Magnetic field intensity at the centre of coil of `50` turns, radius `0.5m` and carrying a current of `2A` is

To find the magnetic field intensity at the center of a coil, we can use the formula for the magnetic field due to a circular coil: \[ B = \frac{\mu_0 n I}{2R} \] where: - \( B \) is the magnetic field intensity at the center of the coil, - \( \mu_0 \) is the permeability of free space (\( 4\pi \times 10^{-7} \, \text{T m/A} \)), - \( n \) is the number of turns per unit length, - \( I \) is the current in amperes, - \( R \) is the radius of the coil in meters. ### Step-by-Step Solution: 1. **Identify the given values:** - Number of turns, \( N = 50 \) - Radius of the coil, \( R = 0.5 \, \text{m} \) - Current, \( I = 2 \, \text{A} \) 2. **Substitute the values into the formula:** - We need to calculate \( B \) using the formula.

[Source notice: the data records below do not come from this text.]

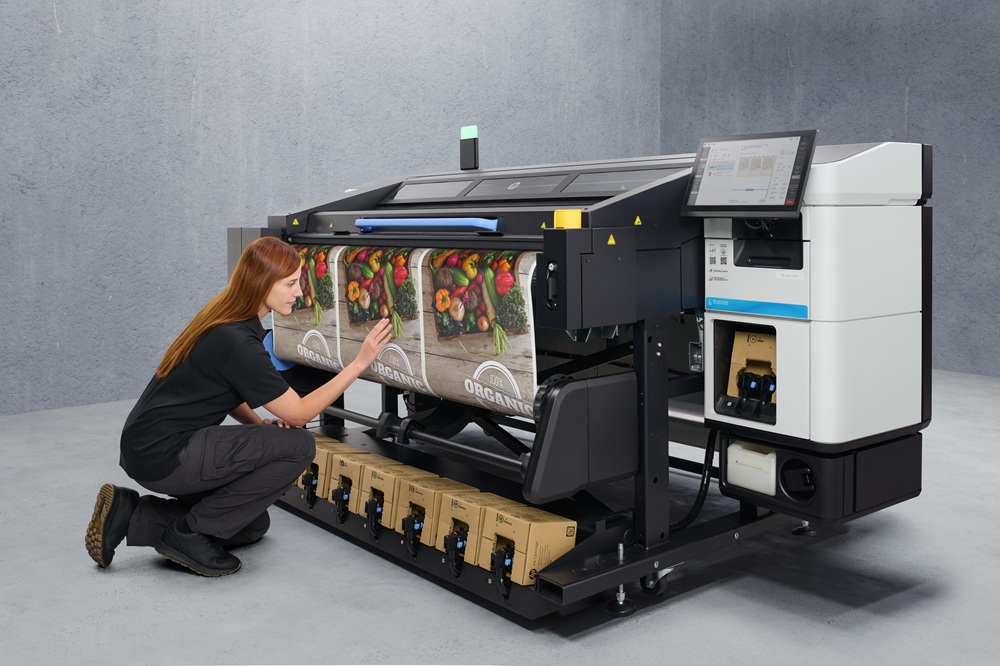 HP unveils new large format innovations at Amplify Conference 2025
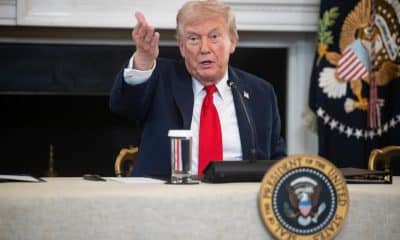 El presidente de Estados Unidos, Donald Trump, durante su intervención este miércoles, 8 de octubre, en una mesa redonda, en la Casa Blanca, en Washington DC (EE.UU.) EFE/Francis Chung/Pool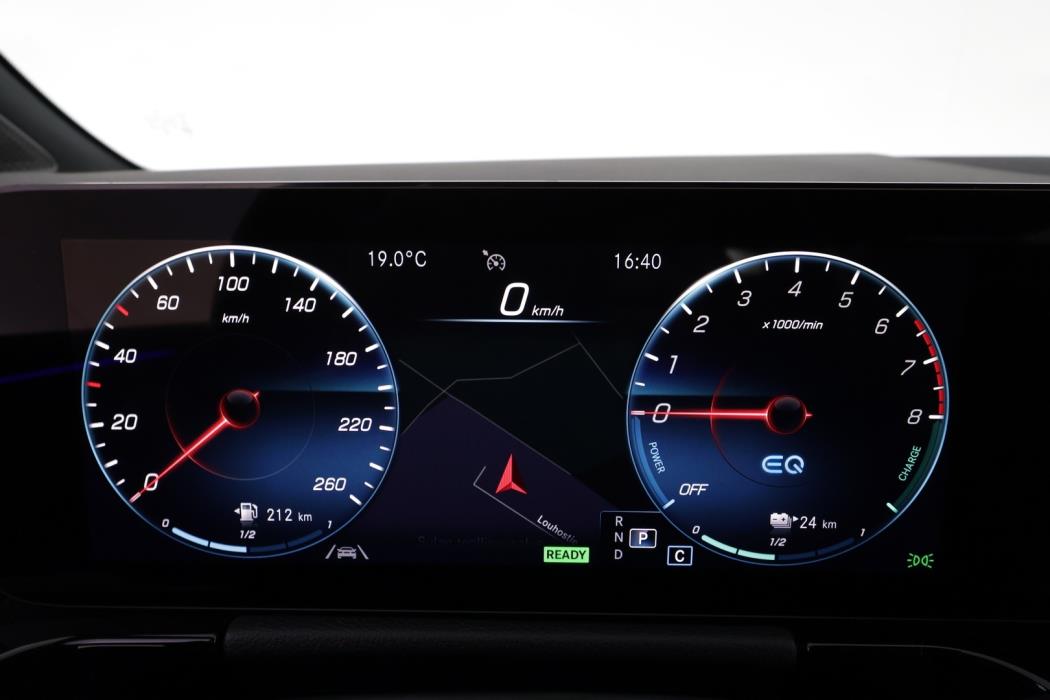 MERCEDES-BENZ B 2023
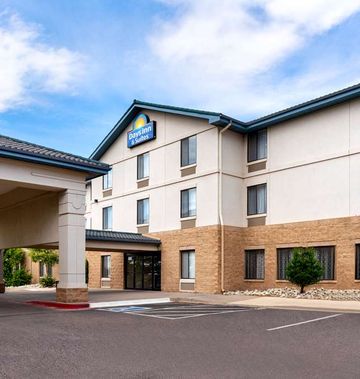 Days Inn & Suites Denver Intl Airport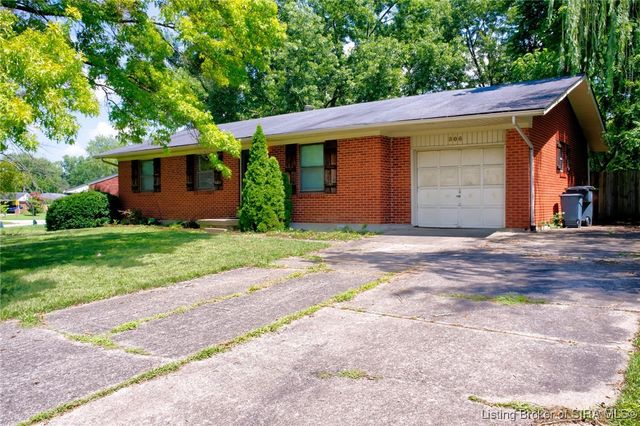 306 Country Club Drive, New Albany, IN 47150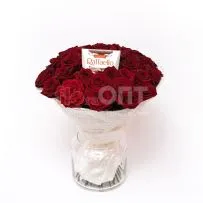 Букет № 444 с красными розами и конфетами Raffaello — фото 12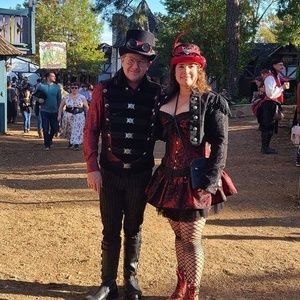 Meet your Posher, Aurora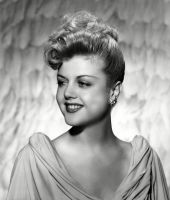 Moyna MacGill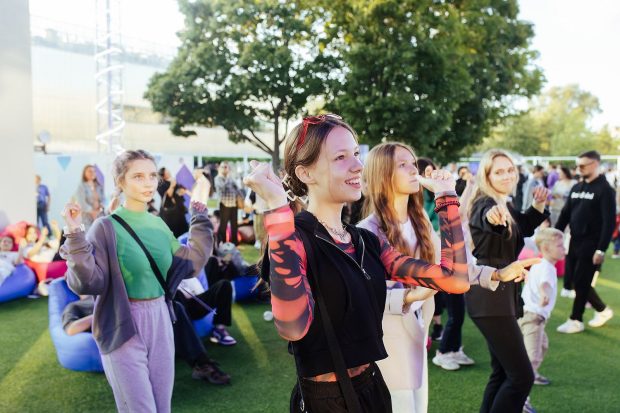 Портал в будущее: что ждет посетителей молодежной точки «Телепорт» на форуме-фестивале «Территория будущего. Москва 2030» 8 c22618457ac88f87e5e4ee873f7232ec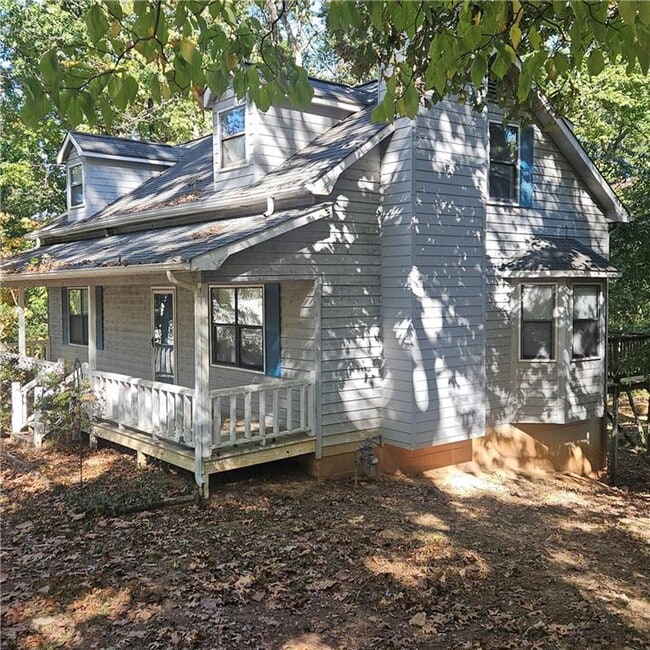 Building Photo - 20 Brooks Ln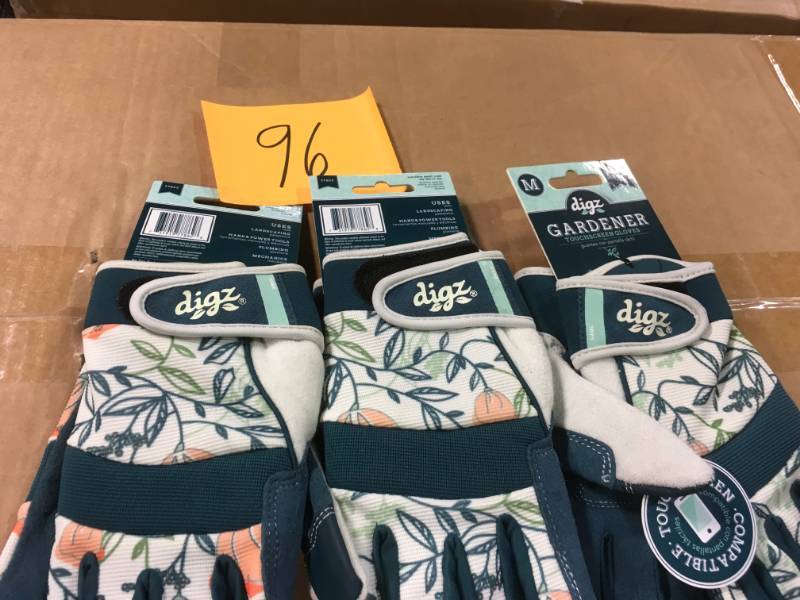 Digz Womens Large Fabric Gardener Touchscreen Gloves not used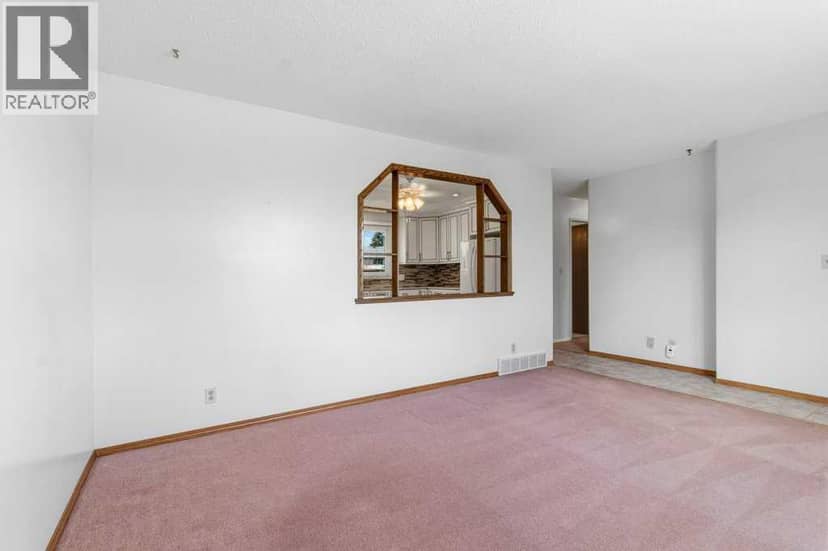 40 Neal Close, Red Deer, photo 8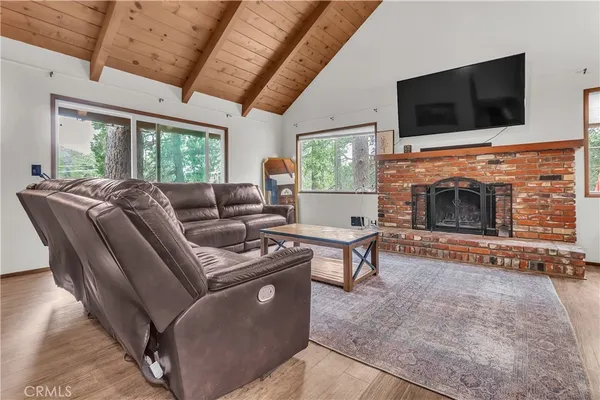 $439,900 | 1044 Nesthorn Drive, Crestline, CA 92325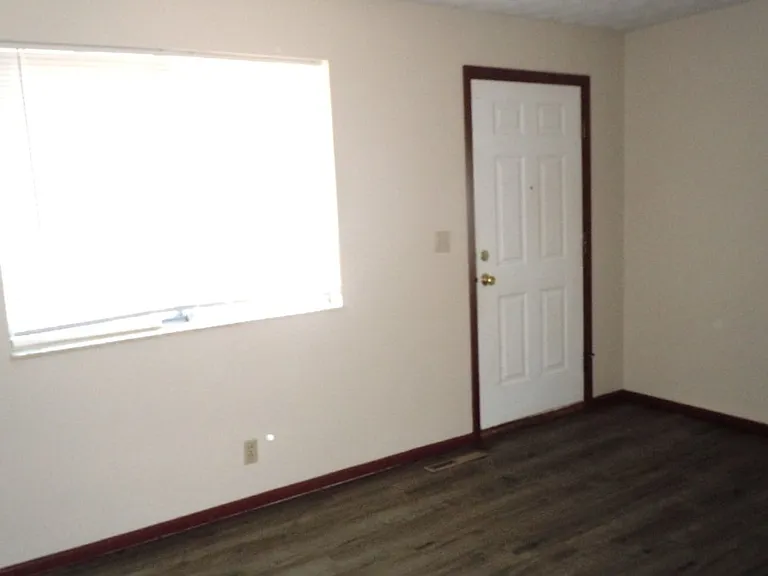 327 Ofarrell St — Photo 3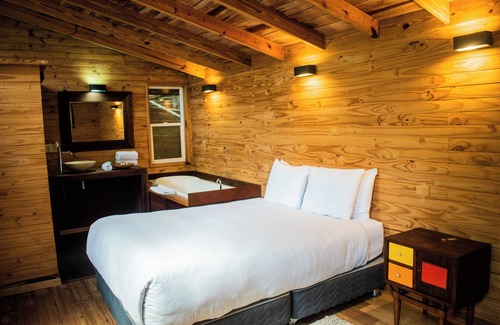 Aguas Calientes Hotel | tree house lodge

Since the number of turns \( N \) is given, we can directly use it in the formula: \[ B = \frac{\mu_0 N I}{2R} \] 3. **Substitute \( \mu_0 \), \( N \), \( I \), and \( R \) into the equation:** \[ B = \frac{(4\pi \times 10^{-7} \, \text{T m/A}) \times 50 \times 2}{2 \times 0.5} \] 4. **Simplify the equation:** - The denominator simplifies to \( 1 \): \[ B = (4\pi \times 10^{-7} \, \text{T m/A}) \times 50 \times 2 \] 5. **Calculate the numerical value:** - First calculate \( 50 \times 2 = 100 \): \[ B = 4\pi \times 10^{-7} \times 100 \] - This simplifies to: \[ B = 4\pi \times 10^{-5} \, \text{T} \] - Using \( \pi \approx 3.14 \): \[ B \approx 4 \times 3.14 \times 10^{-5} \approx 1.256 \times 10^{-4} \, \text{T} \] 6. **Final answer:** - The magnetic field intensity at the center of the coil is approximately: \[ B \approx 1.25 \times 10^{-4} \, \text{T} \] ### Conclusion: The magnetic field intensity at the center of the coil of 50 turns, radius 0.5 m, and carrying a current of 2 A is approximately \( 1.25 \times 10^{-4} \, \text{T} \).